■ **What is expected**
Once you find the line with "iPhone SE2 64GB 美品　SIMフリー 76%" in the entries below, print it and each line after it up to and including the line with "HAGIHARA（ハギハラ） レトロシリーズ テレビ台 MTV-5188BR", exactly, without pictures.

Top of Records shown

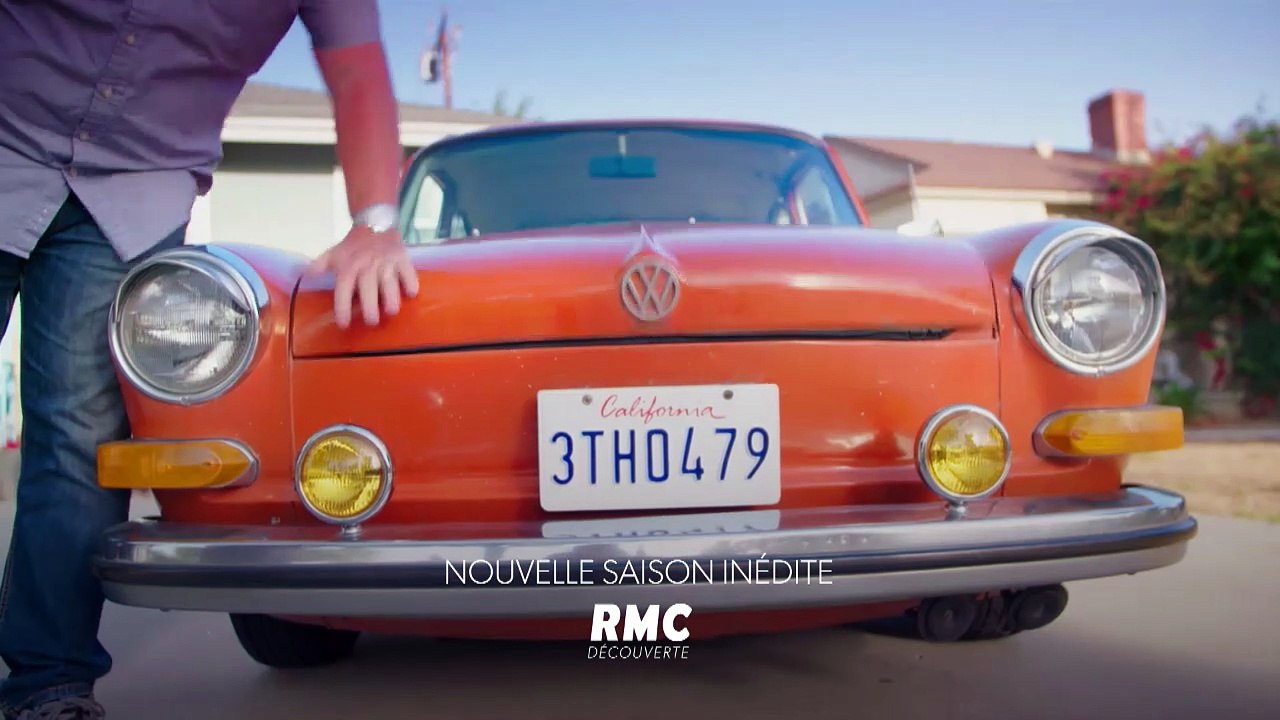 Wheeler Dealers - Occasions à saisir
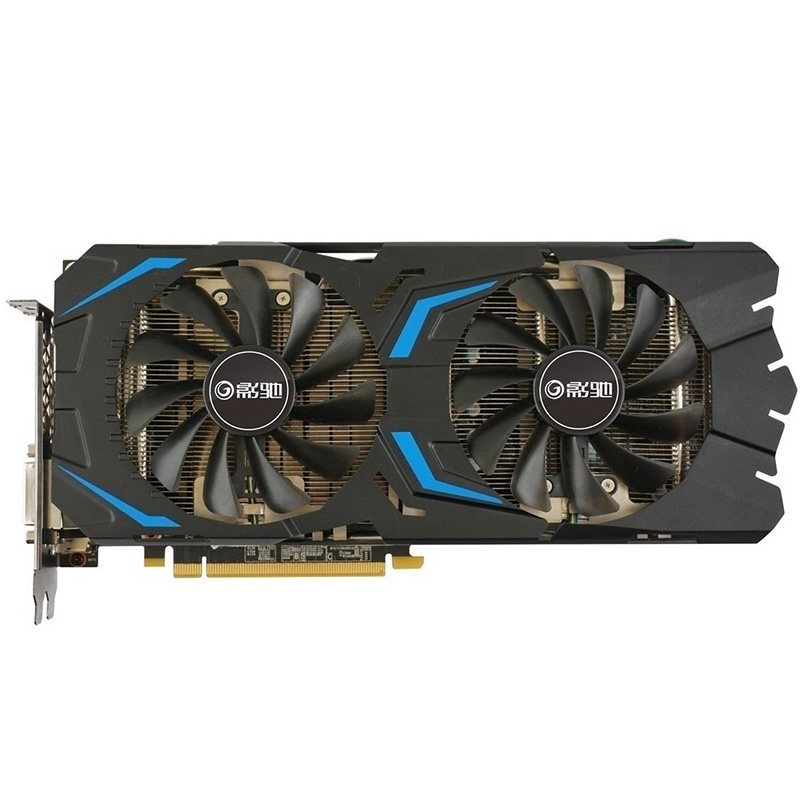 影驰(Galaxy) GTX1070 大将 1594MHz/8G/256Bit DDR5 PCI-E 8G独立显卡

Bottom of Records shown
Top of Records shown

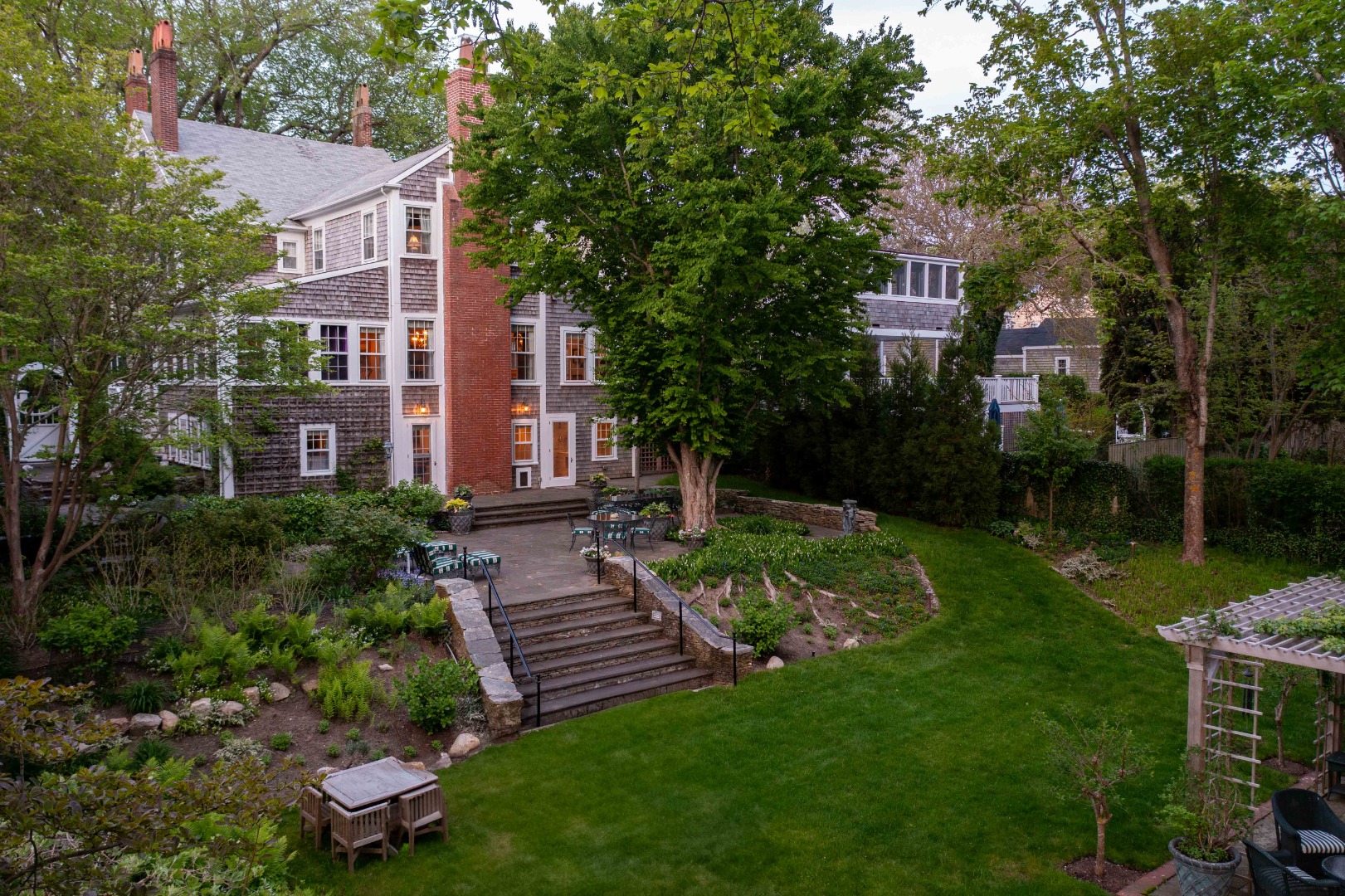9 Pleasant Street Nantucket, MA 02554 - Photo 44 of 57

Bottom of Records shown
Top of Records shown

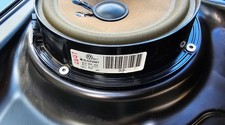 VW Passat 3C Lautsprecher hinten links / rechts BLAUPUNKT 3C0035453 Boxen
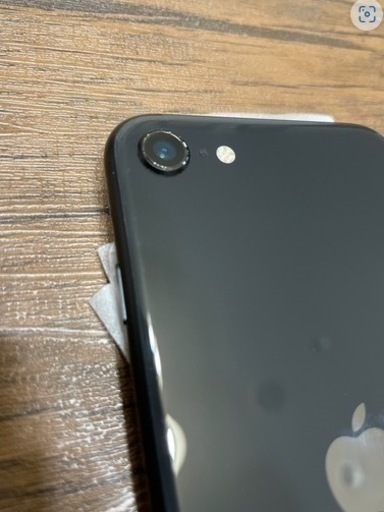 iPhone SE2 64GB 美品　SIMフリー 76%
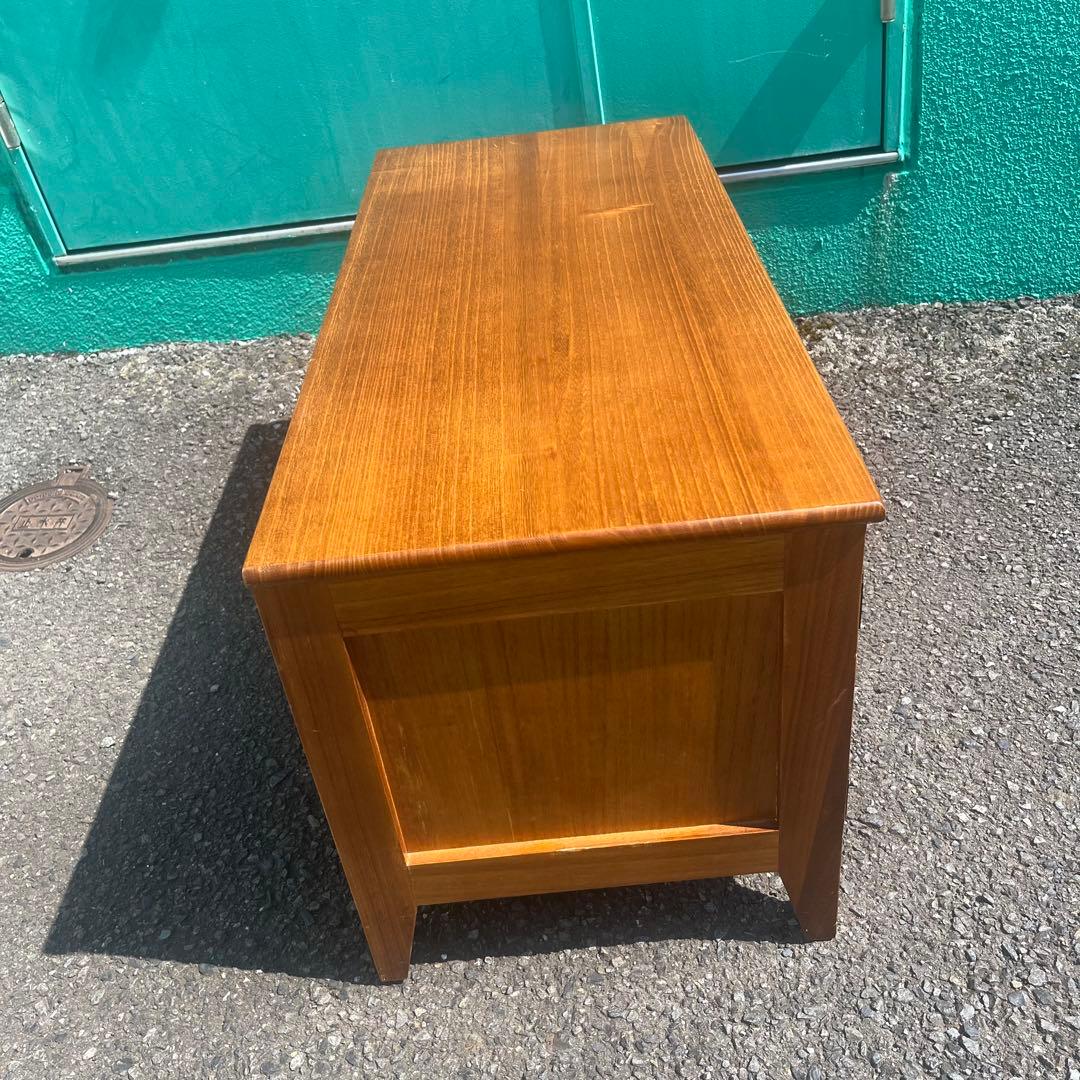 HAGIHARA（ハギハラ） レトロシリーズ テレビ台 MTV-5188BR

Bottom of Records shown

■ **Response to this exercise**
 iPhone SE2 64GB 美品　SIMフリー 76%
 HAGIHARA（ハギハラ） レトロシリーズ テレビ台 MTV-5188BR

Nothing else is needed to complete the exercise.